In conclusion, we have shown that antisera to the 43-, 42-, and 22-kDa OMPs but not to the 30-kDa OMP of V. cholerae protected to varying degrees against intestinal challenge with live V. cholerae cells of both homologous and heterologous serotypes. Since El Tor is the most common biotype in the cholera outbreaks today, it is important to develop strategies that increase the efficacy of vaccines against this biotype. The results of our experiments showed that the OMPs we tested were highly immunogenic and protective. Genes encoding these proteins could be expressed in an oral bacterial vaccine strain such as Salmonella typhi Ty21A, to produce a multivalent vaccine. Moreover, since these are protein antigens, they will trigger immunological memory and provide long-lasting protection, as seen after infection with V. cholerae. The protection against V. cholerae in these experiments was provided by serum IgG antibodies and showed that raising antisera against OMPs was protective. Mucosal immunity plays an important role in the protection against cholera, therefore these data provide a basis for future studies to evaluate the role of these OMPs in the mucosal response to V. cholerae.

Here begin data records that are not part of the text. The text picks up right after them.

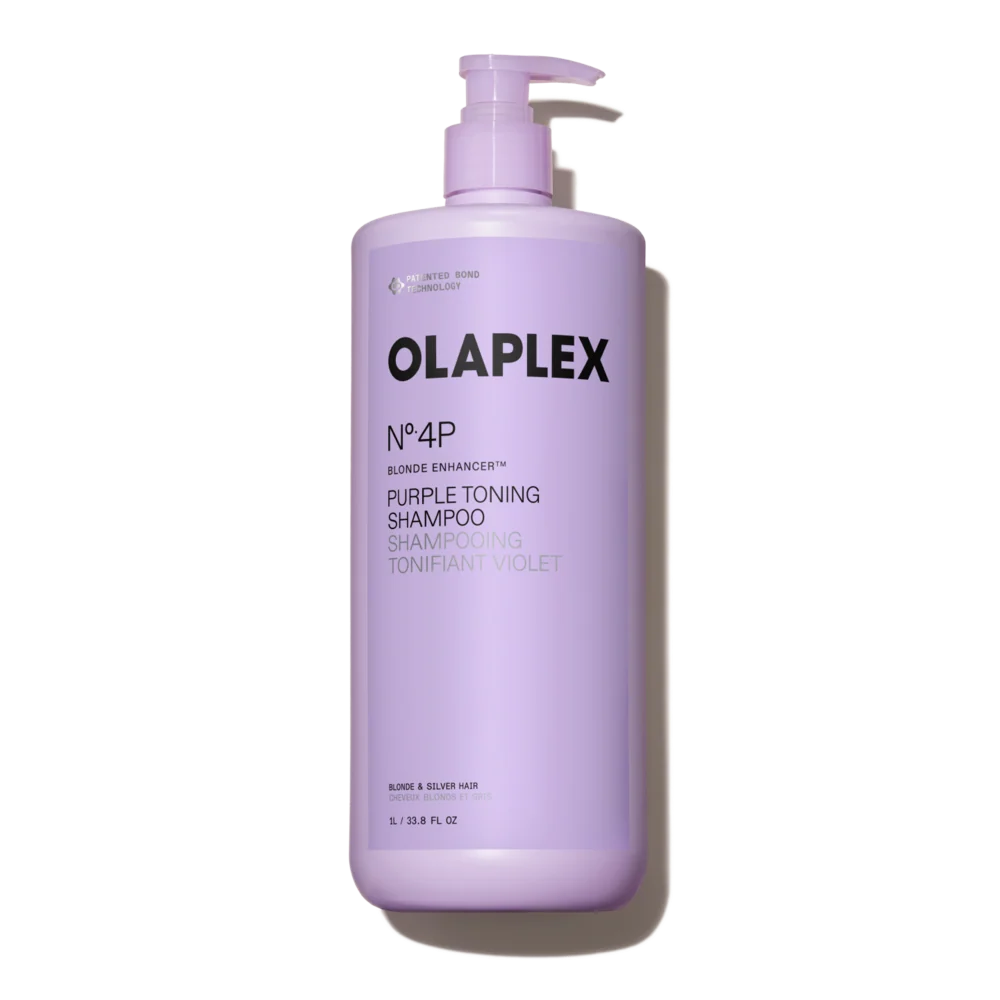 Nº.4P BLONDE ENHANCER™ PURPLE TONING SHAMPOO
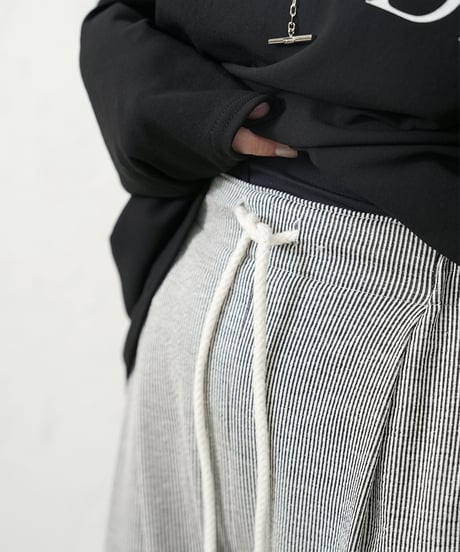 Hickory relaxing pants 残り僅か！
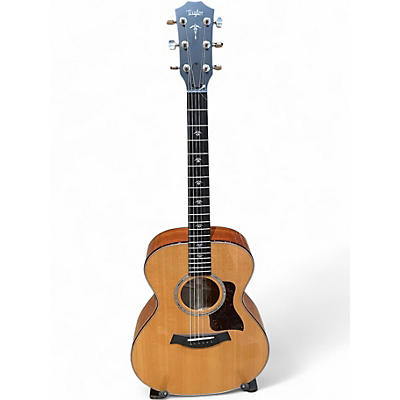 Used Taylor 512 Natural Acoustic Guitar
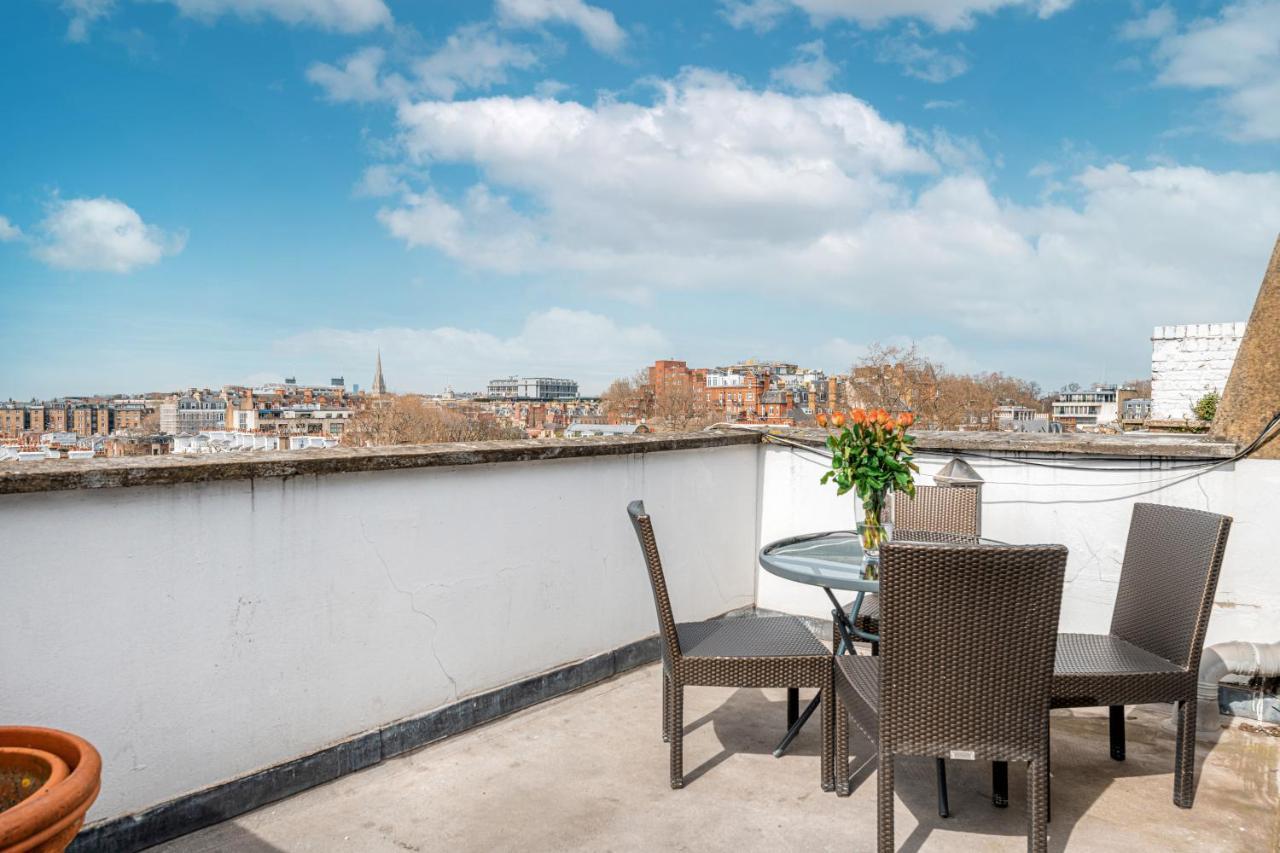 Queensgate Court Londyn Zewnętrze zdjęcie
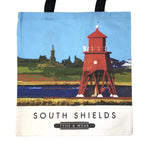 Tote Bag: Your Town, South Shields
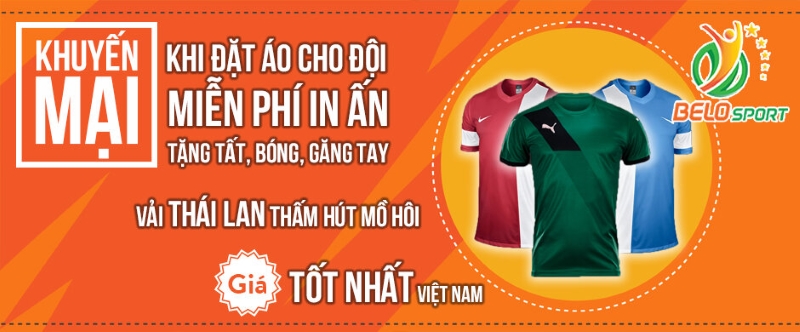 Shop bán giày bóng đá thương hiệu Việt Belo Sport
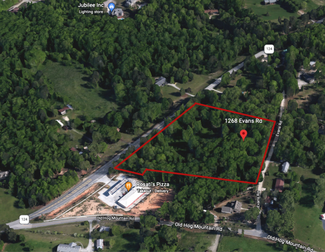 More details for GA Hwy 124 & 1268 Evans Rd, Hoschton, GA - Land for Sale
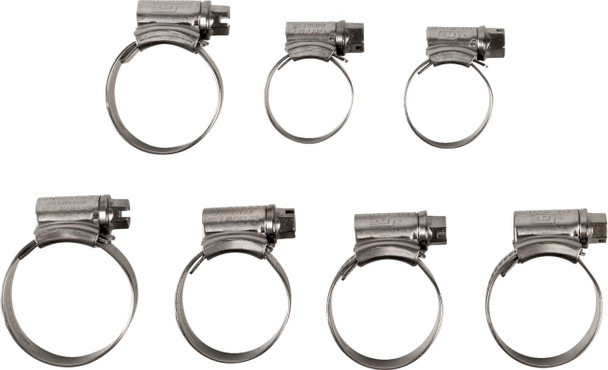 Moose Offroad - Radiator Hose Clamp Kit - Yamaha
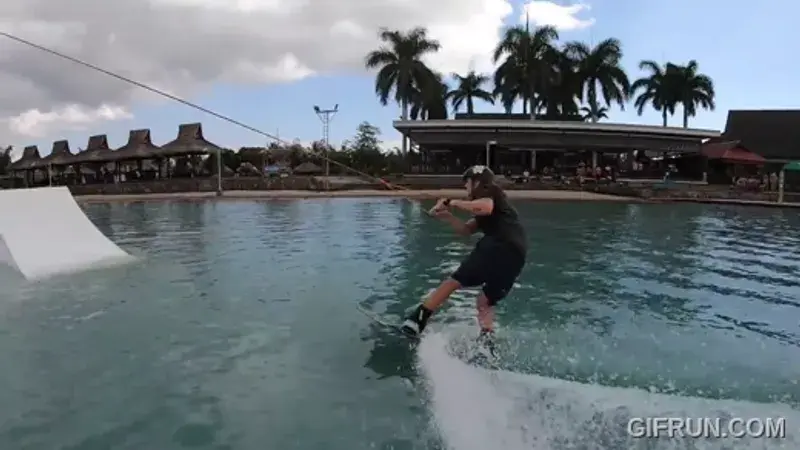 Toeside Frontroll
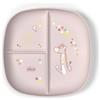 Chicco Piatto porzionato 12m+ Rosa
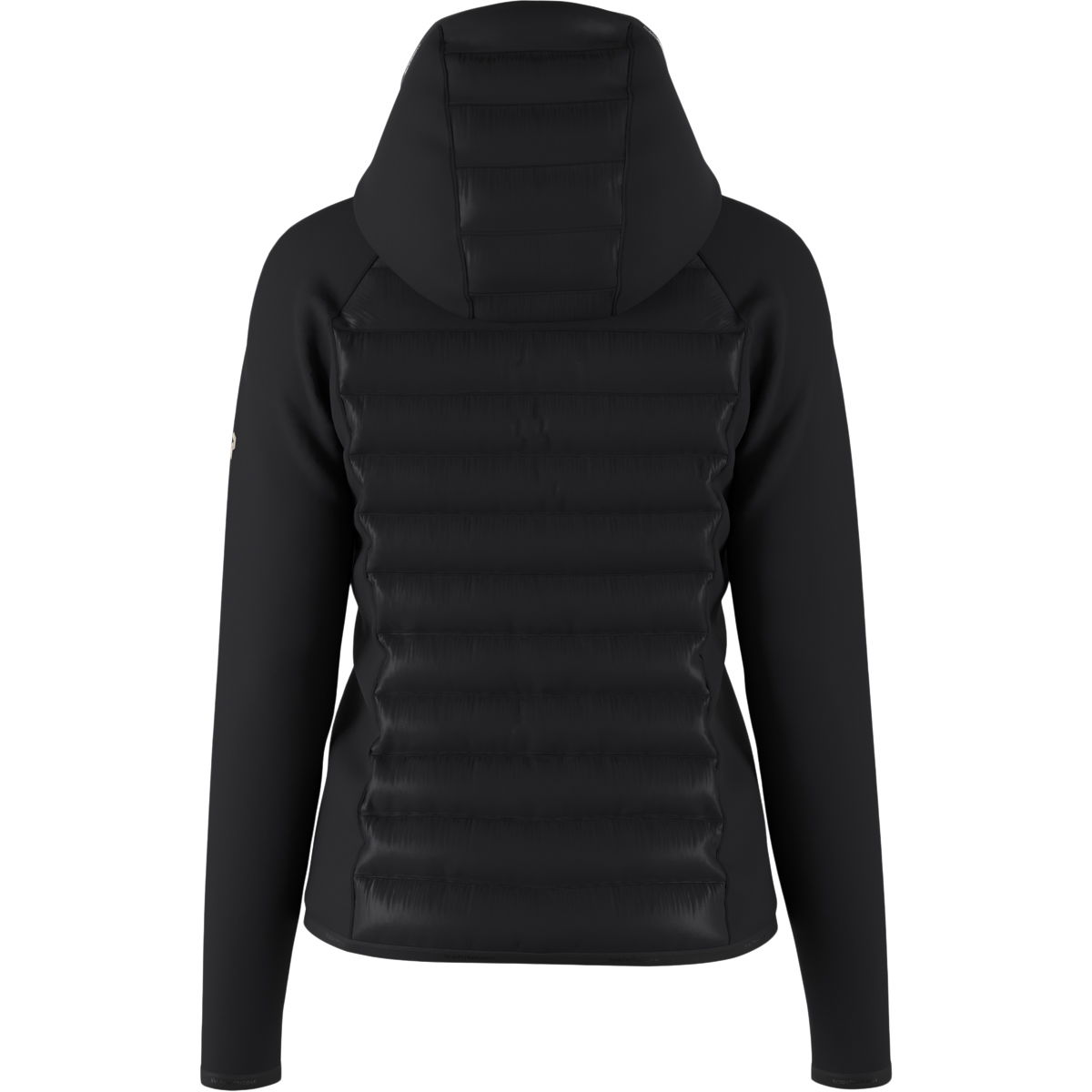 Peak Performance Hybrid Hood Dunjakke Dame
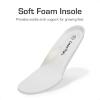 image:imageDREAM PAIRS Girls Mary Jane Shoes TStrap Flat Sneakers for School Uniform Dress Shoes for ToddlerLittle Kid Casual Daily Wear Special EventsWhite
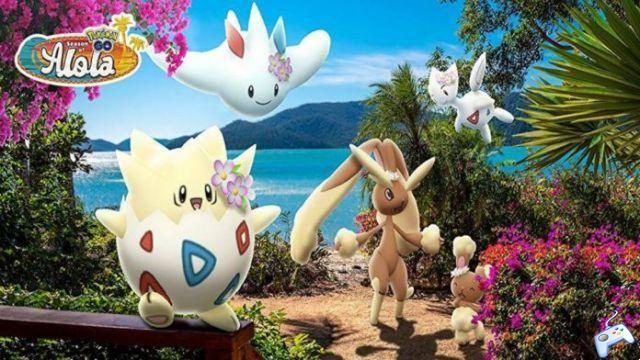 Pokémon GO: cómo completar el desafío de la colección de primavera en primavera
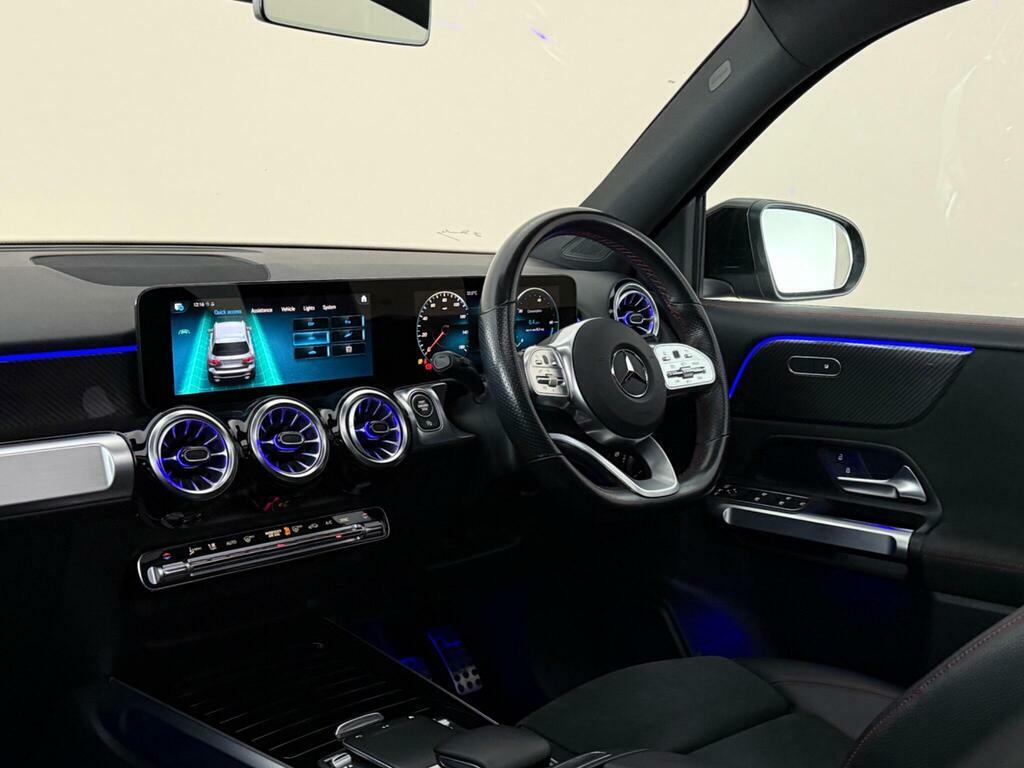Mercedes-Benz GLB Class 1.3 Glb200 Amg Line Premium Plus 2 7G-dct Euro 6 YN72JVK Black #4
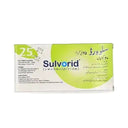 Sulvorid 25mg Tablets – Levosulpiride for GERD & Gastroparesis photo 1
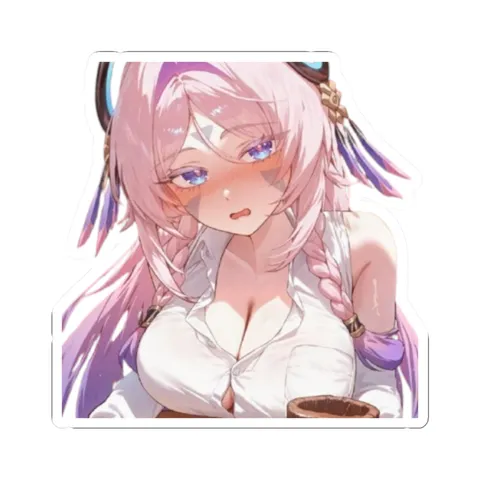 Citlali Drunk — Kiss-Cut sticker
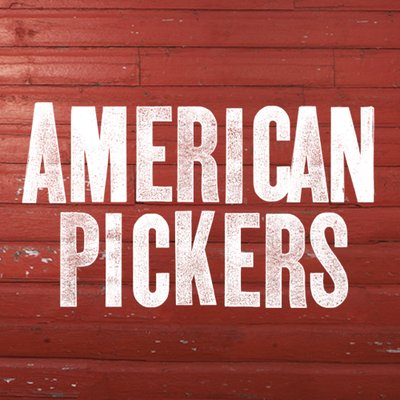 Profile Picture of American Pickers (@@americanpickers) on Twitter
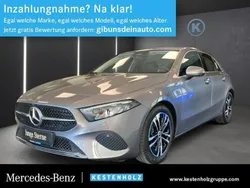 Grau Gebraucht 2023 Mercedes A180 Progressive Limousine | 28.990 € (Fairer Preis)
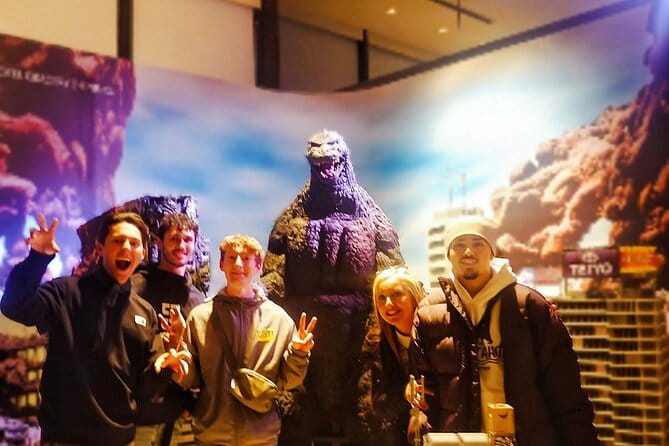 Licensed Guide Shinjuku Dramatic Tour (Tokyo) - Cancellation and Booking Policy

There are so many diseases that children have to be immunized against that vaccine developers are always looking for ways to combine the vaccinations. Since these OMPs are immunogenic, they could be engineered with neutralizing epitopes from other bacteria that would then be expressed on the surface of V. cholerae. This strategy would aid in the development of a multi-component vaccine effective against various infectious diseases.


This work was supported by a grant (DHHS 2RO1 AI21463) to J.W.P. from the National Institutes of Health, Bethesda, MD. Margaret Das was the recipient of a Predoctoral Fellowship from the James W. McLaughlin Fellowship Fund for a part of this study. We thank Mardelle Susman for editorial assistance.